Weight loss of approximately 3-5% is recommended to achieve clinical benefits. Nevertheless, a high FODMAP diet has yet to be designed to limit excess fat and calorie consumption while ensuring a balanced intake of both micro- and macronutrients.
FODMAPs and glucose-lowering drugs
Many glucose-lowering drugs have been reported to alter the gut microbiota. Metformin, for example, alters gut microbiota and increases SCFA in plasma bile acid and fecal concentrations. Metformin has also been found to improve the abundance of Lactobacillus and other SCFA-producing bacteria.
Other herbal medicines such as berberine and acarbose are capable of modulating the gut microbiota to improve the abundance of beneficial bacteria. Thus, these drugs are analogous to FODMAPs and can be used as an alternative strategy for the prevention and treatment of diabetes.
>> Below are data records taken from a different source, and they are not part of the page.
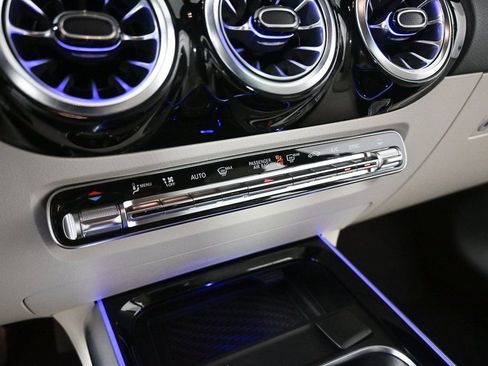 Used 2025 Mercedes-Benz GLA 250 image 15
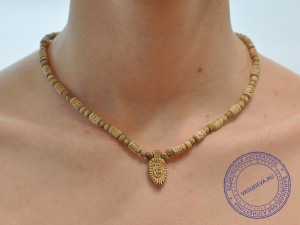 Кантхималы (бусы) из Туласи. 1 ряд. С кулоном и бусинами Шри Радхе. С Радха-кунды (эксклюзив). Светлые.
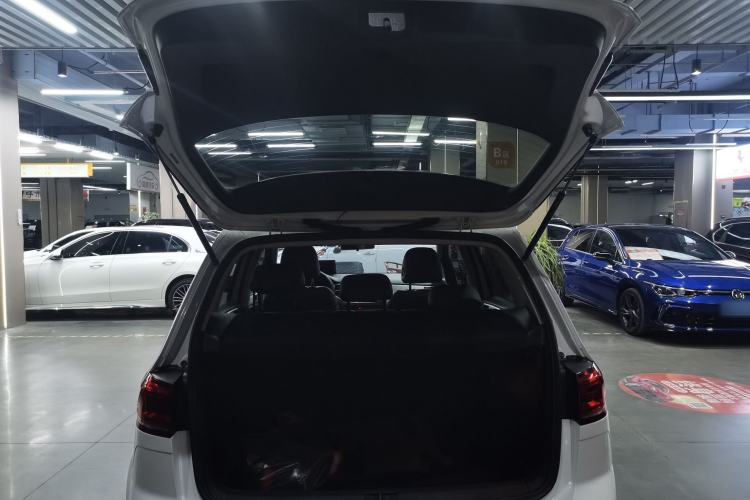 Used Volkswagen Golf Sportsvan 2019 1.6L Automatic Pure Model China V Standard Trunk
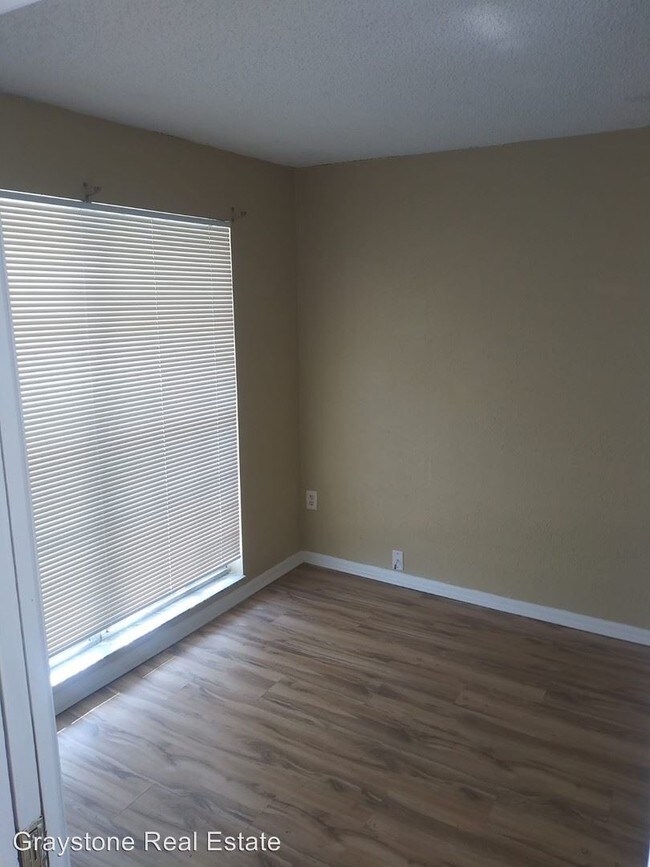 Building Photo - 3 br, 2 bath House - 3233 Lodi Drive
The interactions between diet and the gut microbiome are complex. However, a symbiosis between the gut microbiota and host is important to prevent the development of metabolic diseases such as diabetes.
Recent research has determined that FODMAPs have a beneficial impact on metabolic and gut health. Nevertheless, it is important to adjust the intake of FODMAPs to ensure that these dietary components provide the maximum health benefits for each individual.
Little remains known regarding the role of FODMAPs in the treatment and prevention of T2D. Therefore, more interventional and systematic observational studies are needed to devise a dietary strategy for people with or at risk of developing T2D.
- Chu, N., Chan, J. C. N., & Chow, E. (2022). A diet high in FODMAPs as a novel dietary strategy in diabetes? Clinical Nutrition. doi:10.1016/j.clnu.2022.07.036.